# Task objective
How many lines of the data include the string "background"? State that number alone.

[Source records]

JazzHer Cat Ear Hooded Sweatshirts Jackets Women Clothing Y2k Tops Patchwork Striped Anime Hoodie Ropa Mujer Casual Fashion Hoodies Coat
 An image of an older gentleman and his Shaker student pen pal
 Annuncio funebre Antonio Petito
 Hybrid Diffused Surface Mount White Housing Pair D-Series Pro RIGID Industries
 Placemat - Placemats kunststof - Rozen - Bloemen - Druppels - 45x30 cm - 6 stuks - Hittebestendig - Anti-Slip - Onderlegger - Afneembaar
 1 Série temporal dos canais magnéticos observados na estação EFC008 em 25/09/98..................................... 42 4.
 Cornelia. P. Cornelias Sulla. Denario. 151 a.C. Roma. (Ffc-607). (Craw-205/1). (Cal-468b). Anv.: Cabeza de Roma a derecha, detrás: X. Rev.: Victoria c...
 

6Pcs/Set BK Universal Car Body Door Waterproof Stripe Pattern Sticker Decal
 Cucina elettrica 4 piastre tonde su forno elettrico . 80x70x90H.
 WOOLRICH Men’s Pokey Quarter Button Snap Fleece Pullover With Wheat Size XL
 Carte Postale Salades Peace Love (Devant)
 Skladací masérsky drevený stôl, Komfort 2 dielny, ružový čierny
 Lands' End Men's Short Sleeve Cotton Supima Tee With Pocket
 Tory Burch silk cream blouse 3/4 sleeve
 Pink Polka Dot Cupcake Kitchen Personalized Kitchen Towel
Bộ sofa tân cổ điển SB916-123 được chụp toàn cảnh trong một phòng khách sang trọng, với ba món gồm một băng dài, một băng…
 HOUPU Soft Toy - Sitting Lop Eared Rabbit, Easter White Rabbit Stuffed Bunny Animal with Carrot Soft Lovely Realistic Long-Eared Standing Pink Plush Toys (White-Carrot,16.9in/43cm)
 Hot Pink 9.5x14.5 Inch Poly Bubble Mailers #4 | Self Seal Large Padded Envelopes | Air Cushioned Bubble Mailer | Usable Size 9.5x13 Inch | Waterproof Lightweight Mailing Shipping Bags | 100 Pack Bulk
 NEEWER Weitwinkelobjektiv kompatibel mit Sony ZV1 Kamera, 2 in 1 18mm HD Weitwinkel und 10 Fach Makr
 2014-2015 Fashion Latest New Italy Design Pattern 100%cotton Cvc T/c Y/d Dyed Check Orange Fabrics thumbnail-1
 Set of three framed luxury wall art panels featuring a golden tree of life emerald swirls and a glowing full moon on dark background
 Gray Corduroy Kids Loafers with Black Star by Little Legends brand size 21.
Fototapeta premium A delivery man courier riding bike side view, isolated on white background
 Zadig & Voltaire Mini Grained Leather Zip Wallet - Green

# Response area
2